Thursday 3rd July 2014
1 hr 40 mins
Support: Chris Simmons (see below main review)
Suzanne Vega – vocals, guitar
Gerry Leonard – electric guitar, acoustic 12 string
Doug Yowell – drums, percussion
Fat Man and Dancing Girl
Marlene on The Wall
Crack In The Wall
Jacob & The Angel
Small Blue Thing
The Queen & The Soldier
Don’t Uncork What You Can’t Contain
The Laying On of Hands
Left of Centre
I Never Wear White
Ironbound / Fancy Poultry
Blood Makes Noise
Rosemary (Remember Me)
I had seen Suzanne Vega one and a little bit times before. The first time must have been just after Solitude Standing came out in 1987, because I recall her doing Luka. Those were the days when a concert required elaborate babysitting arrangements and we didn’t get out much. So we had to be really keen on seeing someone. The second little bit was supporting Leonard Cohen at Mercedes Benz World in 2009. They hadn’t done any concerts there before and it took a couple of hours to traverse the last couple of miles along a narrow lane. As the band shell was placed next to a mainline railway embankment I guess they didn’t do many afterwards. When we got parked at the far end of the car park, the Sat Nav said we were a mile away. The walk over a rutted field seemed further. We arrived to hear vague acoustic guitar and faraway voice (presumably Suzanne Vega) in the distance. We then queued ten minutes for the toilets (being bursting after being stuck in a hot car drinking water) and arrived just after she’d left. But we did hear her live, just a little bit while in the toilet line. What was so annoying is we had spent the entire journey reminding ourselves of her first two albums and were really looking forward to it. With the delay we’d played both twice.

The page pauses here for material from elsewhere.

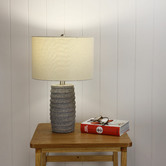 Zander Lighting Ellison Resin &amp; Fabric Table Lamp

Tom’s Diner exercised us for some time in the 1990s too. In our English Language Teaching textbooks, we sometimes had covers of songs suitable for teaching. We selected Tom’s Diner, because it is really hard to find a song using the present continuous (I am sitting in the morning at the diner on the corner / I am waiting for the man to pour the coffee) let alone has phrases like “It’s always nice to see you.” Anyway, after working on a teaching unit based on it, we found that THREE other textbooks had already had exactly the same idea, and so we abandoned our attempt.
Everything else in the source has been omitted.